I scour More magazine seeking examples of women who’ve done 180 degree career changes and still paid the bills. I pour over just about every article in O Magazine about “living your best life” and re-invention. It’s not the dreaming I have problems with; it’s focusing on those dreams and making them come true that I’m having problems with.

And let’s not forget – once you’re married, you don’t have the luxury of making revenue-altering decisions without the advice and, perhaps even, the consent of your spouse. BMNB supports me in just about every wacky thing I do or could imagine doing (bartending school? Yep, he supported it.), but I don’t know how long he’d be happy if he had to pick up the financial slack in our marriage caused by my pursuing my big dream or dreams. But hey, if it ain’t tested, it ain’t really a marriage, right?

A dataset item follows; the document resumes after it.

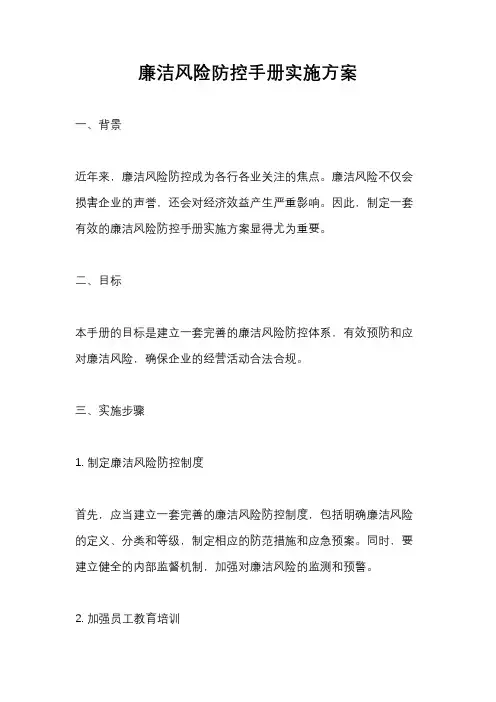 廉洁风险防控手册实施方案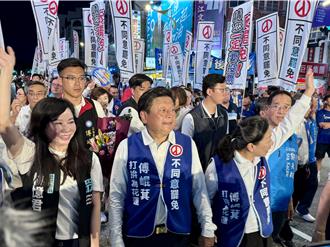 傅崐萁選前大遊行 支持者高喊反惡罷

I guess I’m just trying to figure out what to do and how to do it now that I’m closer to death than to childhood. And to have faith that those unforeseen forces are indeed standing at the ready to support me.

Any suggestions?

3 comments:

RgMania said...

are you good at bartending?

Anonymous said...

You would be a great Spelman College president. I am an alum.

blackwomanblogging said...

I'm good at knowing how to set up a bar and at knowing what certain basic drinks include. What I'm bad at is pouring a shot without measuring, which, I was told, was a crucial skill since most bartenders don't have time to measure and can't afford to get it wrong. I've had a rotator cuff injury that makes it difficult for me to hold a bottle of liquor in one hand and pour exactly one ounce -- a perfect shot. I was told that bartenders who overpour get fired, and bartenders who underpour give the bar a bad reputation as being stingy with the liquor.

Thanks for the kind words re Spelman. My grandmother attended Spelman but had to drop out, to support her family I believe. I have a copy of her application from about 1917 -- it said, "Lazy girls need not apply." I've always wanted to write a book with that title. And I've always held the institution in the highest esteem.